Cumhurbaşkanı Recep Tayyip Erdoğan, Cumhurbaşkanlığı Külliyesi'nde YÖK Başkanı Prof. Dr. Yekta Saraç, YÖK Yönetim Kurulu üyeleri ve üniversite rektörlerini kabul etti. Erdoğan, burada yaptığı konuşmada, "Siyasette rekabet başka bir şeydir. Ülkenin ve milletin bekası söz konusu olduğunda biraraya gelmek başka bir şeydir. Ben, hayatımın hiçbir döneminde siyasi rekabetten kaçmadım, kaçmam ama ülkemin geleceği, Türkiye söz konusu olduğunda benim için diğer her şey teferruattır.

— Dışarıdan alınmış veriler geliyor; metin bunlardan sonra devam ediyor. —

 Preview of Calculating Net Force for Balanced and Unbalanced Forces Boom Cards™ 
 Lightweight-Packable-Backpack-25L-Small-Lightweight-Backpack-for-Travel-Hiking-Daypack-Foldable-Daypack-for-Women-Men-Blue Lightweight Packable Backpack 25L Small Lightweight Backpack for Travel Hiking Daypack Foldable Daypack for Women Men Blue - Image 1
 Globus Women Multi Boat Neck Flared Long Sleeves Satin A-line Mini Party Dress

Herkesin de bu anlayışta olmasını temenni ederim. Ülkemizin bütünlüğüne, milletimizin birliğine yönelik çok yönlü saldırılarla karşı karşıya olduğumuz şu dönemde hep birlikte bu tavrı ortaya koyabilmeliyiz. Bölücü terör örgütünün ve diğer terör örgütlerinin saldırılarını 'ama, fakat' gibi kaçma yolları kullanmadan açıkça, mertçe, samimiyetle kınamayan herkesin bu ülkeyle ve bu milletle olan bağında sorun vardır. Milletimiz, dimdik ayaktayken, güvenlik güçlerimiz fedakarlıkla mücadelelerini yürütürken, moral bozmaya, kafaları bulandırmaya, gönülleri karartmaya yönelik her söz her tavır sadece terörün amacına hizmet eder. Devleti ve hükümeti eksik yapılan, yanlış yapılan işleri eleştirmek elbette herkesin hakkıdır. Fakat, ülkesine ve milletine karşı sorumlulukları yerine getirmeyen muhalefetin, medyanın, aydınların da aynı şekilde murakabeye tabi tutulması gerekmiyor mu?" dedi. 

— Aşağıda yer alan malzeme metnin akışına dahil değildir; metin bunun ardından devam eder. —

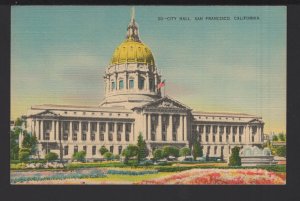 California SAN FRANCISCO City Hall, Lofty Dome 300 Feet High ~ Linen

Erdoğan, "Bugün Türkiye siyasi bir belirsizlik ortamından geçiyorsa bunun sorumlusu iktidar partisi veya bir kişi midir? Sırtını terör örgütüne dayamakta behiç görmeyen, siyaset yerine şiddeti tercih eden siyasi partinin yaşananlarda hiç mi sorumluluğu yoktur? Koalisyon hükümeti kurulması için makul şartlarda uzlaşmaya çalışmak yerine hesaplaşmacı ve dayatmacı tavra giren muhalefet partilerinin içinde bulunduğumuz acı durumda hiç mi sorumluluğu yoktur? Soruyorum, ulusal veya uluslararası tüm dünyada Tayyip Erdoğan düşmanlığını, devletin ve milletin varlığına yönelik tehditler karşısında dahi terör örgütüyle, paralel örgütle, uluslararası lobilerle aynı çizgide hizalanmaya vardıranların sorumluluklarını görmezden gelebilir miyiz? Halbuki Tayyip Erdoğan fanidir ama bu ülke ve bu devlet bizden sonraki nesillere de lazımdır. Yarın bizler toprak olup gittiğimizde çocuklarımıza, torunlarımıza, daha sonraki kuşaklara güçlü, müreffeh bir ülke bırakmak hepimizin en başta gelen görevi değil midir? Unutulmamalıdır ki söylenen her söz, ortaya konan her tutum tarihe atılan bir imzadır" şeklinde konuştu.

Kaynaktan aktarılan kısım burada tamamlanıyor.